The possible equity infusion would not only deleverage the sector but also provide funds for long-term growth. However, structural challenges may limit the attractiveness for such foreign investors at least in the medium term, the report said.
In addition to equity infusion, stronger strategic and operational ties with foreign partners with stronger credit profile, may potentially improve the credit profile of domestic airlines. This may have a beneficial impact on the funding cost of this sector known for its high capital intensity.
While the long-term growth potential of the Indian market may draw interest from international airlines, the continuing structural weakness and regulatory risks may increase the perceived risk in such tie-ups.
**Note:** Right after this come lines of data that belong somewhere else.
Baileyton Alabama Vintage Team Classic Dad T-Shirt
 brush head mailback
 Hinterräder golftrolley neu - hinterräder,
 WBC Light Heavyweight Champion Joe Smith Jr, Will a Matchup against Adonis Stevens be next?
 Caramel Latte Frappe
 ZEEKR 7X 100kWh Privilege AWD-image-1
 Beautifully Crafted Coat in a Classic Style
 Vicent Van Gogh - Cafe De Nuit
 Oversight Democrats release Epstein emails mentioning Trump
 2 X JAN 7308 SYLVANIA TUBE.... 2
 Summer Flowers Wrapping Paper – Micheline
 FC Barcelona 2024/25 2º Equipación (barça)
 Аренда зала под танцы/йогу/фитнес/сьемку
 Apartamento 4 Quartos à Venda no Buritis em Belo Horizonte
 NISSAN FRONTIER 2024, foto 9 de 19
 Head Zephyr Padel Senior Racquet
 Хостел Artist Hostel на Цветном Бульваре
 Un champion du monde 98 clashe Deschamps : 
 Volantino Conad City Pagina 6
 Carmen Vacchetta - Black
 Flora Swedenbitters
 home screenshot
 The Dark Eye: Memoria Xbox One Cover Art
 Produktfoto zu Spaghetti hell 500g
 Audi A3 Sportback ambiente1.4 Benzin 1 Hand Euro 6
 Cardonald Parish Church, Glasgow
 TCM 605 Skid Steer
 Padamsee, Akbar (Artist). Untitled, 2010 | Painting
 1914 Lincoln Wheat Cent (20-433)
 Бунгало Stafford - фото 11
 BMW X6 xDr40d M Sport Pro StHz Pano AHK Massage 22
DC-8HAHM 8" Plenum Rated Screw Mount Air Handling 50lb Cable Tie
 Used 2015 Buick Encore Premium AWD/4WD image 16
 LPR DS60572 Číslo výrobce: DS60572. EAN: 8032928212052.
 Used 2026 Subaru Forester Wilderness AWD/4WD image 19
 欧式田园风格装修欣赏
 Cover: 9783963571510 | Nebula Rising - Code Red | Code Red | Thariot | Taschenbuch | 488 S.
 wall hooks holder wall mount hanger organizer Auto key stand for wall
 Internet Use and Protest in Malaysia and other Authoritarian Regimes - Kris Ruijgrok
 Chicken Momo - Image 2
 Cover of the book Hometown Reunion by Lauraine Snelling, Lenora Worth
Other key considerations of prospective joint venture partners would be the lack of majority equity control in addition to specific board constitution, the IRS report added.
The key structural weakness of the Indian airlines industry is its higher operating costs, driven primarily by a higher tax on aviation fuel, compared with that of the other emerging markets. The cost of infrastructure development is also higher for the Indian industry which usually translates into higher airport usage charges. This is in addition to the currently limited airport infrastructure which acts as a bottleneck to significantly improve scheduling efficiency - which is a direct drag on operating cost.
For the financial year ended March 2012 (FY12), EBITDA margin of three of the listed airlines ranged between one per cent and negative 37 per cent. In India, air turbine fuel accounts for 40-50 per cent of the airlines’ operating costs compared with a standard of 30 per cent. This is mainly because of higher taxes on ATF at around 35-40 per cent.